> **EXERCISE REQUIREMENTS**
There is one span to output from the data below: the lines starting at the line with "simsearch:400-04900053,k - 3d" and ending at the line with "细数急性心梗合并顽固性心衰的N种处理对策". Output it exactly, ends included, nothing more.

> **ENTRIES SHOWN**
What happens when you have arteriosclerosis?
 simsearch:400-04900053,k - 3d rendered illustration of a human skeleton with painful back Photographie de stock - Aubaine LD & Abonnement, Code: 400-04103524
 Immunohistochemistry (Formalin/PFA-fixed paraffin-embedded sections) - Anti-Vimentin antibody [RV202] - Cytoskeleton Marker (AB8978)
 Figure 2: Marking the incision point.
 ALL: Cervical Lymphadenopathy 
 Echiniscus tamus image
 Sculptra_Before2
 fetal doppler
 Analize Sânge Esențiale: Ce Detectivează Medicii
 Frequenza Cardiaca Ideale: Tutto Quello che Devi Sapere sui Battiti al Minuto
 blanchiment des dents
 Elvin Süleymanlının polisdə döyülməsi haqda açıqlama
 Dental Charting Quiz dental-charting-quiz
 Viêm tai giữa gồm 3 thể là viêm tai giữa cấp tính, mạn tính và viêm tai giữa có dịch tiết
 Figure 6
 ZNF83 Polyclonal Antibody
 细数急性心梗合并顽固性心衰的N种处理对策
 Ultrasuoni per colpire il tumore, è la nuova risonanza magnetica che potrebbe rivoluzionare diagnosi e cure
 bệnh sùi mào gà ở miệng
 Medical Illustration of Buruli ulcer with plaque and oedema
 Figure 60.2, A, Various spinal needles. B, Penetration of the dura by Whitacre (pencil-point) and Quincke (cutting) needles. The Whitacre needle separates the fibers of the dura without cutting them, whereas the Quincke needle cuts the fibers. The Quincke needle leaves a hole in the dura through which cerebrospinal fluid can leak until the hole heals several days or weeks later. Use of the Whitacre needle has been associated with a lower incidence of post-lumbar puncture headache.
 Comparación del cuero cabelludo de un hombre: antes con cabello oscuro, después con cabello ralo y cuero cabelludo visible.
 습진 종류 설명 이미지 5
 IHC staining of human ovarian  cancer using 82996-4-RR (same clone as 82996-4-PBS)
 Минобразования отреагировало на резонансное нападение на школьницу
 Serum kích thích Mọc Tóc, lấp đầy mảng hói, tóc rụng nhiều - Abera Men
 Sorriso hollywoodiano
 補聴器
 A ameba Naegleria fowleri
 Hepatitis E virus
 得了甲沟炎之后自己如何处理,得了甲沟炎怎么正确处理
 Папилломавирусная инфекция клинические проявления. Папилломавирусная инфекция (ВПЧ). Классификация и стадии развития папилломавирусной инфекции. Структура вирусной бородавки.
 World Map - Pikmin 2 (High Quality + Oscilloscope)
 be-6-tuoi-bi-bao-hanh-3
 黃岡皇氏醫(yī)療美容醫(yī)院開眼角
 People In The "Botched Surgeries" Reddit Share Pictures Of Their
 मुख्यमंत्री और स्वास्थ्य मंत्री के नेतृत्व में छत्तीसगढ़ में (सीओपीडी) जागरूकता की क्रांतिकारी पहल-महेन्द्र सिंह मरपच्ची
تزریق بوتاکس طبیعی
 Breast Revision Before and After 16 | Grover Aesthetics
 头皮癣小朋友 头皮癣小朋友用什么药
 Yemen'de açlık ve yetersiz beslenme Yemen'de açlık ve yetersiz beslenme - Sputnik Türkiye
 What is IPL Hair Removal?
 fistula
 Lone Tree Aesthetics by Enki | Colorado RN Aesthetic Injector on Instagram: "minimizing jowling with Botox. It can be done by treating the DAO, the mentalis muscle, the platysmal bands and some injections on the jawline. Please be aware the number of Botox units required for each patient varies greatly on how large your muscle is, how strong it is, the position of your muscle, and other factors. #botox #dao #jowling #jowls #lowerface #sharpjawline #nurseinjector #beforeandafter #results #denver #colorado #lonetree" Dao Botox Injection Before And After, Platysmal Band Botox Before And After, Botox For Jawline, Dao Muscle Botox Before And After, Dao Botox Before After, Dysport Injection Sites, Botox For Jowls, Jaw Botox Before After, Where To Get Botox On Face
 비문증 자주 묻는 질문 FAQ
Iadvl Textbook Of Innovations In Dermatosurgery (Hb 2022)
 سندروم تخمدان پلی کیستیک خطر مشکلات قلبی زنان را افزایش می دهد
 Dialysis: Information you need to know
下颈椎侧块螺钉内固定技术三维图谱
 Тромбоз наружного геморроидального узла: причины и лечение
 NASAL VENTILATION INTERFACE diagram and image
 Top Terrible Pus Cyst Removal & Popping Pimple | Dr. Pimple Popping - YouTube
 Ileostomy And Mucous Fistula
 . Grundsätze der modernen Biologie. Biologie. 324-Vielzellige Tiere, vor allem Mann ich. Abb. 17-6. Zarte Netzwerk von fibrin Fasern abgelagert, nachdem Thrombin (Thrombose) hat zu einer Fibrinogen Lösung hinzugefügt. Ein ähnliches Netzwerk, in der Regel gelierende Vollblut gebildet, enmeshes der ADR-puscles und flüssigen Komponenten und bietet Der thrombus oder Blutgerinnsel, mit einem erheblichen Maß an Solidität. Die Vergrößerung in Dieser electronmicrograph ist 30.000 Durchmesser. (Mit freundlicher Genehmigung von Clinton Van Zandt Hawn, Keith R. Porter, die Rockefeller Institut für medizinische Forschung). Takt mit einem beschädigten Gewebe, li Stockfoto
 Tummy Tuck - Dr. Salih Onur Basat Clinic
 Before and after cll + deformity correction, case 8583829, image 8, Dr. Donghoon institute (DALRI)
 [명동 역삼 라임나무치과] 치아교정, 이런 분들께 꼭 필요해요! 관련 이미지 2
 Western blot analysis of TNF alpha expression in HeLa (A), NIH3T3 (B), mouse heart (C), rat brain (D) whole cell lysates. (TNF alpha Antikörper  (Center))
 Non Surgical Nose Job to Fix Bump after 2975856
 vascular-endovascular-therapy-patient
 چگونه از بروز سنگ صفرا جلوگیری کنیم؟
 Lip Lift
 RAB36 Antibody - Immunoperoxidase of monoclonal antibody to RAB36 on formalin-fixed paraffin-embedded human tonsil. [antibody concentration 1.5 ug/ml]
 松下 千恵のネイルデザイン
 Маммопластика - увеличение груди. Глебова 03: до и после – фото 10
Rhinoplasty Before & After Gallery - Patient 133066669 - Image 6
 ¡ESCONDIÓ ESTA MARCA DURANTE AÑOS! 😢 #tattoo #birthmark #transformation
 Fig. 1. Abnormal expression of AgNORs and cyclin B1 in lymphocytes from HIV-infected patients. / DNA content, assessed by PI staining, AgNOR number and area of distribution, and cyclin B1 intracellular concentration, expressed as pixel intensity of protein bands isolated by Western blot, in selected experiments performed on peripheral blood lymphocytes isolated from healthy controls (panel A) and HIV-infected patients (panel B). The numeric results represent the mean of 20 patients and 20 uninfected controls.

> **EXERCISE SOLUTION**
 simsearch:400-04900053,k - 3d rendered illustration of a human skeleton with painful back Photographie de stock - Aubaine LD & Abonnement, Code: 400-04103524
 Immunohistochemistry (Formalin/PFA-fixed paraffin-embedded sections) - Anti-Vimentin antibody [RV202] - Cytoskeleton Marker (AB8978)
 Figure 2: Marking the incision point.
 ALL: Cervical Lymphadenopathy 
 Echiniscus tamus image
 Sculptra_Before2
 fetal doppler
 Analize Sânge Esențiale: Ce Detectivează Medicii
 Frequenza Cardiaca Ideale: Tutto Quello che Devi Sapere sui Battiti al Minuto
 blanchiment des dents
 Elvin Süleymanlının polisdə döyülməsi haqda açıqlama
 Dental Charting Quiz dental-charting-quiz
 Viêm tai giữa gồm 3 thể là viêm tai giữa cấp tính, mạn tính và viêm tai giữa có dịch tiết
 Figure 6
 ZNF83 Polyclonal Antibody
 细数急性心梗合并顽固性心衰的N种处理对策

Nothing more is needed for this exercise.